▶ [Data extract]
▶
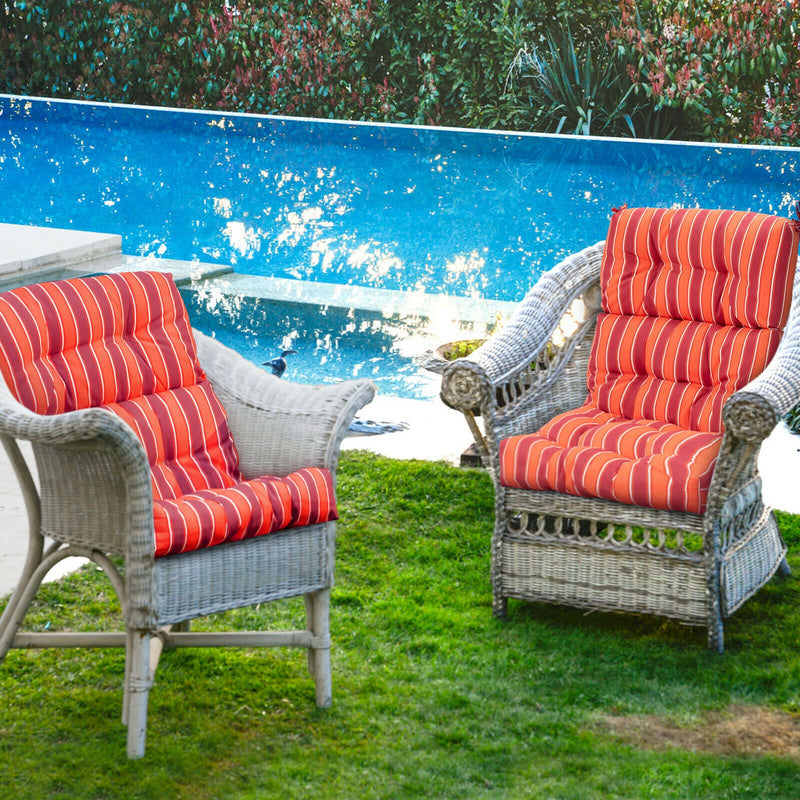 *Tufted Patio High Back Chair Cushion with Non-Slip String Ties - Red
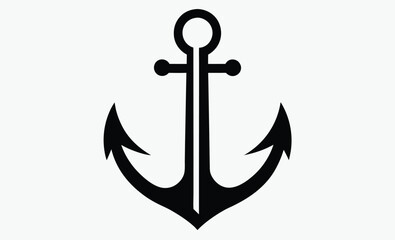 Ship anchor silhouette icon, anchor black silhouette vector, Simple silhouette Design vector icon with white background   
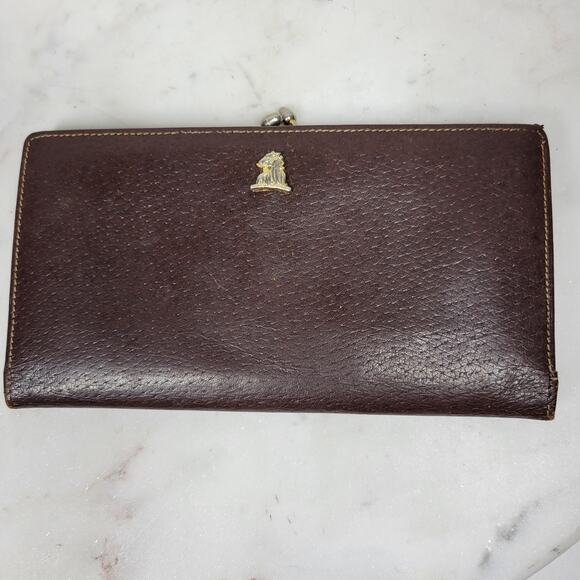 Vintage Mark Cross Checkbook Wallet 7" Brown Kiss Lock Bifold Soft Leather Italy - Picture 12 of 16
◀
▶ [Task objective] Drop the pictures, then transcribe the lines from the one containing "Ship anchor silhouette" to the end of the data above, exactly and nothing more.

▶ [Task response]
 Ship anchor silhouette icon, anchor black silhouette vector, Simple silhouette Design vector icon with white background   
 Vintage Mark Cross Checkbook Wallet 7" Brown Kiss Lock Bifold Soft Leather Italy - Picture 12 of 16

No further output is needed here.